Le procureur évoque lui « le vice de forme » dans la procédure pour demander l’annulation de la citation. Le vice de forme, habituellement déniché par un travail de fourmi traquant la moindre erreur de rédaction dans les PV ou les citations, reste l’arme favorite des avocats des caïds de la pègre pour libérer leurs clients et rendre caduque toute poursuite pénale. Plus rarement évoqué directement et franchement par les parquetiers. La défense a pu avancer quelques arguments de fond, en s’appuyant sur la personnalité solide du viticulteur et sa réputation professionnelle irréprochable. « C‘est un viticulteur responsable, qui n’est pas dans l’idéologie, qui n‘est pas bio à tout crin. Ce n’est pas par idéologie, par catéchisme qu’il a refusé l’insecticide. Il s’est posé un vrai problème de conscience. Le produit recommandé qui détruit la cicadelle détruit aussi les insectes auxiliaires, bénéfiques à la vigne. On éradique les abeilles, les vers de terre, les oiseaux avalent les vers de terre empoisonnés. Tout un cycle est détruit, sinon boiteux. Des traitements ont éliminé l’araignée rouge qui était un danger pour les récoltes certes, mais qui était la nourriture préférée d’autres insectes alliés du vigneron. Ce problème dépasse bien évidemment l’audience d’aujourd’hui. La réponse du tout chimique n’est pas la réponse adéquate. C’est aussi pourquoi les poursuites sont impossibles dans ce dossier ».

 

Ronde dans les vignes

 

Le défenseur avance aussi que la méthode actuelle choisie par les viticulteurs saône-et-loiriens pour surveiller l’expansion de la flavescence dorée rejoint les recommandations de 2013 de M. Liger-Belair et de ses amis. Invité à conclure par le président du tribunal, le viticulteur bourguignon a réaffirmé ses convictions : « On est des passeurs, on doit préserver nos vignes et si possible les transmettre dans un meilleur état qu’on les a trouvées. Le tout chimique nous envoie dans le mur ».

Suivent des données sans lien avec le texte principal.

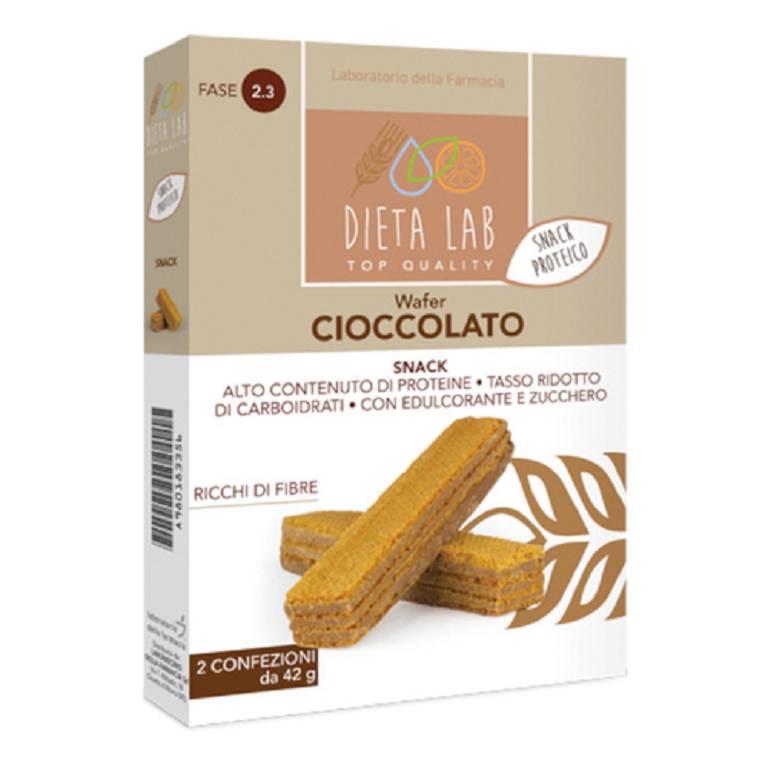 DLAB WAFER CIOCCOLATO 2PZ
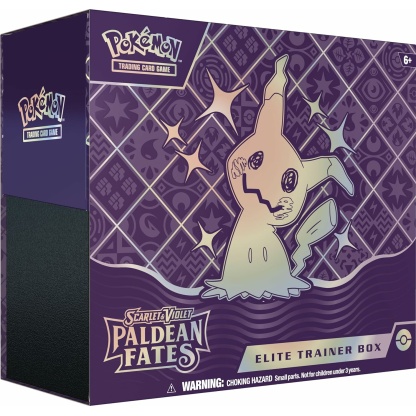Pokemon: SV4.5 Paldean Fates Elite Trainer Box - Image 2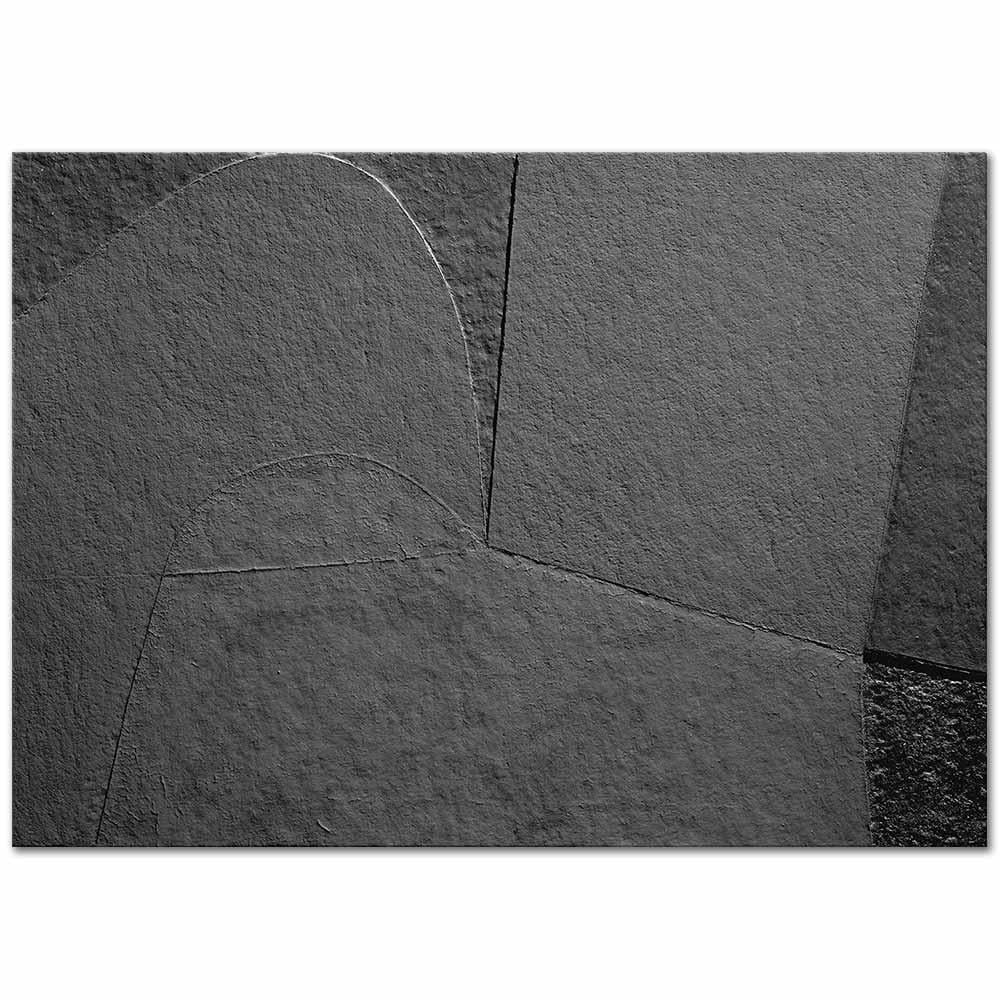 Alberto Burri Nero Cellotex Kanvas Tablo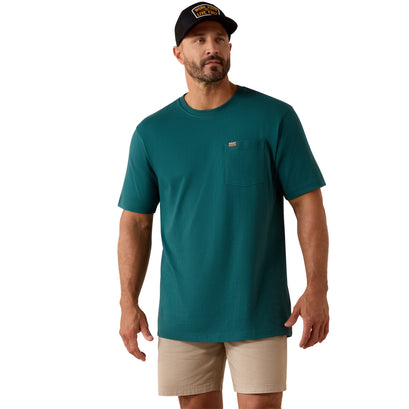 Rebar Cotton Strong Standard Pocket T-Shirt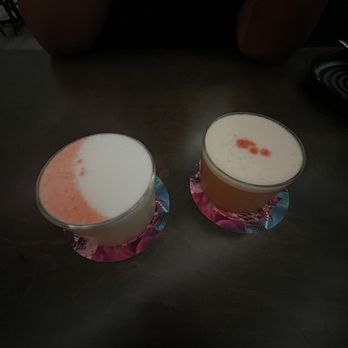 Pacha Nikkei - Pisco Classico and passion fruit pisco(tastes better) - Peruvian Near Me - Houston, Texas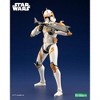 Kotobukiya - Star Wars: The Clone Wars - ARTFX+ Commander Cody - 4 of 4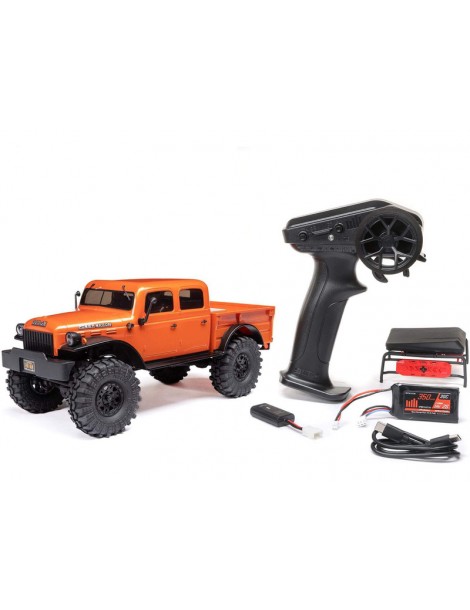 Axial 1/24 SCX24 Dodge Power Wagon 1940 4WD orange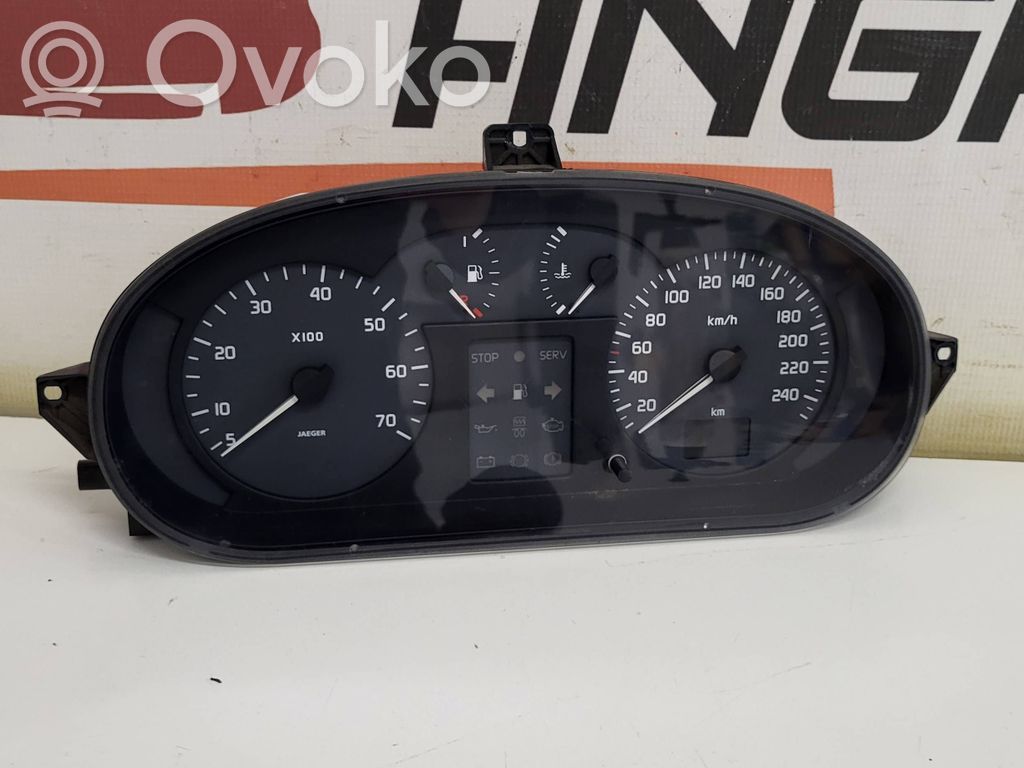 Renault Scenic I Speedometer (instrument cluster) 
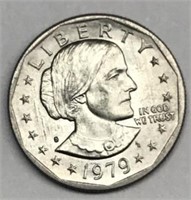1979-S  $1 Susan b Anthony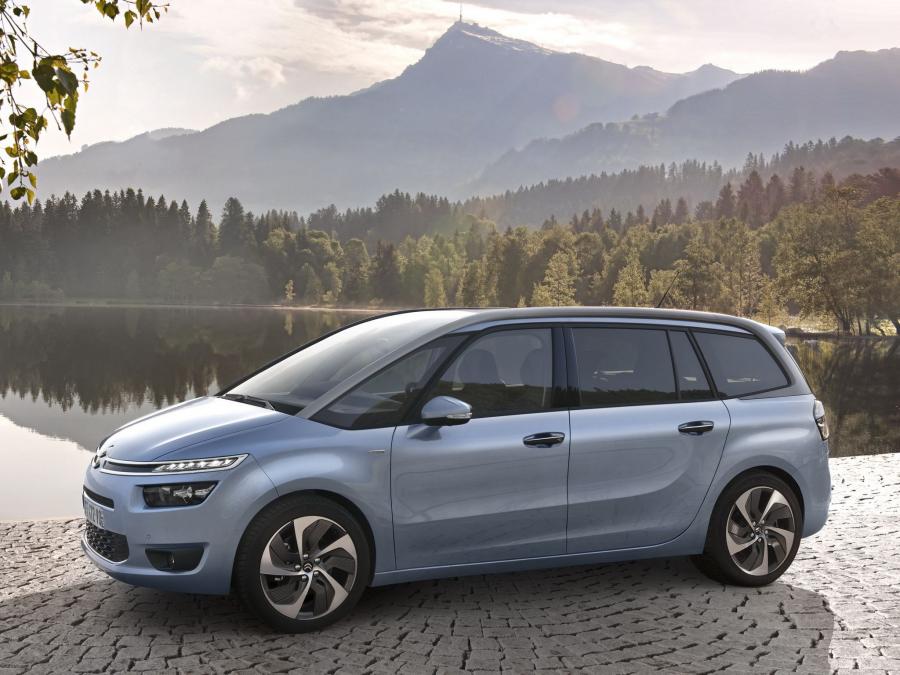  Citroen Grand C4 Picasso 2013 года  (фото 7 из 16)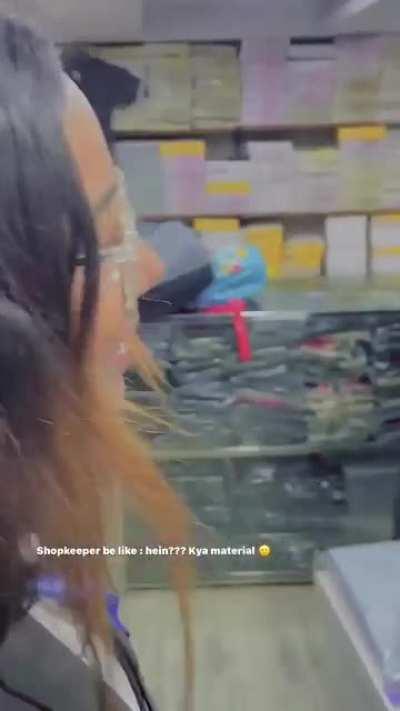 What kind of material are you shopping for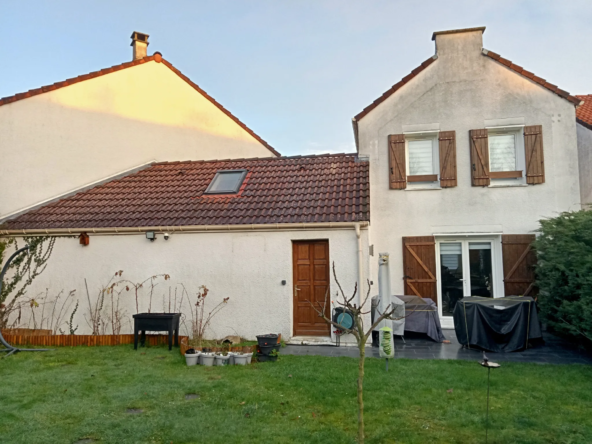 Maison de 4 pièces à vendre à Jouy-le-Moutier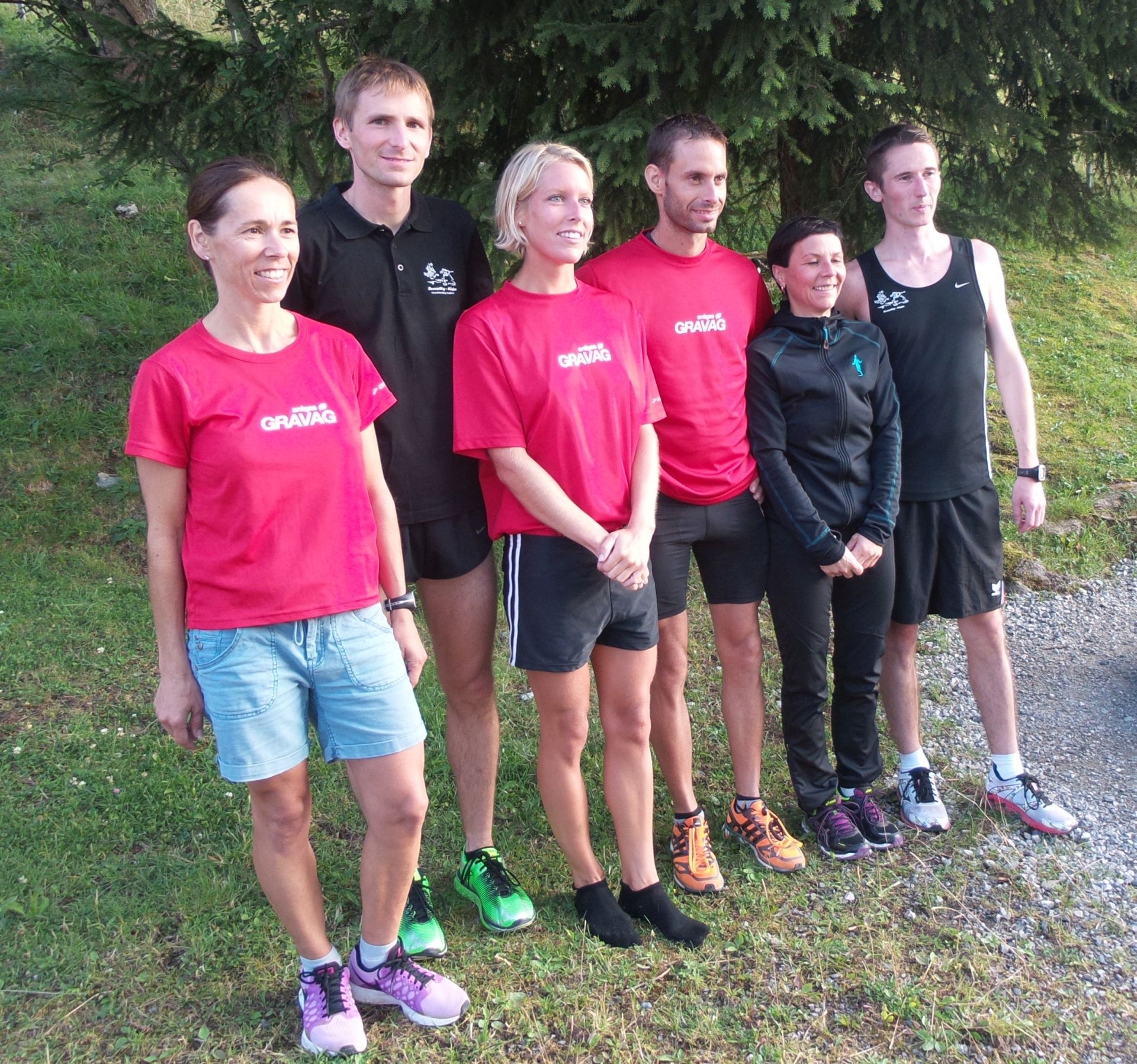 Die schnellsten Damen und Herren beim 30. Schwammlauf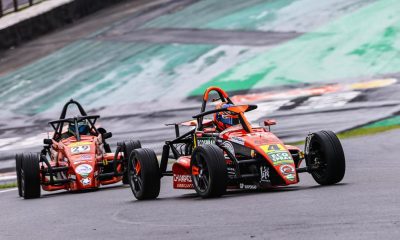 Marcel Fachini chegou ao bicampeonato na F1600 (Divulgação / Humberto da Silva)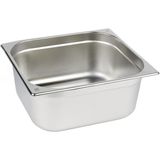 Nacario Paslanmaz Çelik Gastronom/gastronorm Küvet Gn 2/3-150 (35,4 x 32,5 x 15 Cm)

Le tribunal de Villefranche-sur-Saône se prononcera sur la nullité de la citation à comparaître, en validant ou pas le vice de procédure, le 15 décembre prochain. On saura alors si le vrai procès aura lieu ou si tout s’arrêtera là. Dehors, Thibault Liger-Belair s’avoue « confiant et soulagé », alors que son avocat sourit en pensant que l’on a juste abordé le « demi-fond » du dossier. Il est 15 h. Dehors, les militants décrochent les banderoles et les messages des grilles du palais en rebuvant un coup. Villefranche, samedi 21 novembre, célébrera le Beaujolais nouveau au cœur de la ville.